Testing that a Local Optimum of the Likelihood is Globally Optimum using Reparameterized Embeddings
This addresses the challenge of global optimality verification in imaging and inverse problems, though it is incremental as it builds on existing statistical testing frameworks.
The authors tackled the problem of verifying whether a local optimum in non-convex optimization for imaging is globally optimal by proposing a statistical test for likelihood maximization in generalized location families, and they improved its accuracy using reparameterized embeddings, showing enhanced accuracy and reduced computation in a camera-blur estimation example.

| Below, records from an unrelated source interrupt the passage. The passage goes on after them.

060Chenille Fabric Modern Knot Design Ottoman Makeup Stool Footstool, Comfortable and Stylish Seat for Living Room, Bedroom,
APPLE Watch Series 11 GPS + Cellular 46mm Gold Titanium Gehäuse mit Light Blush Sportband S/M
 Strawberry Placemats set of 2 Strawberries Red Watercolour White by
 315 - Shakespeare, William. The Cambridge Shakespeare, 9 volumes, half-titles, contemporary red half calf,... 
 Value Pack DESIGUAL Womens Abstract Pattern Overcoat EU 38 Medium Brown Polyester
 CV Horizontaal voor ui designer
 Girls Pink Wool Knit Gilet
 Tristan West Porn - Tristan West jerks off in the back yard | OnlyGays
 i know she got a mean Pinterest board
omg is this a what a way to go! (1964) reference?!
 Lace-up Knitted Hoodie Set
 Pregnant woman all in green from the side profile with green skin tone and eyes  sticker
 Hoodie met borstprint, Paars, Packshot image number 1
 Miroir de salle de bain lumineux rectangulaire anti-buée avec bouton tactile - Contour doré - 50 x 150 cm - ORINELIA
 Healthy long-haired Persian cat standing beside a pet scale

Many mathematical imaging problems are posed as non-convex optimization problems. When numerically tractable global optimization procedures are not available, one is often interested in testing ex post facto whether or not a locally convergent algorithm has found the globally optimal solution. When the problem is formulated in terms of maximizing the likelihood function under a statistical model for the measurements, one can construct a statistical test that a local maximum is in fact the global maximum. A one-sided test is proposed for the case that the statistical model is a member of the generalized location family of probability distributions, a condition often satisfied in imaging and other inverse problems. We propose a general method for improving the accuracy of the test by reparameterizing the likelihood function to embed its domain into a higher dimensional parameter space. We show that the proposed global maximum testing method results in improved accuracy and reduced computation for a physically-motivated joint-inverse problem arising in camera-blur estimation.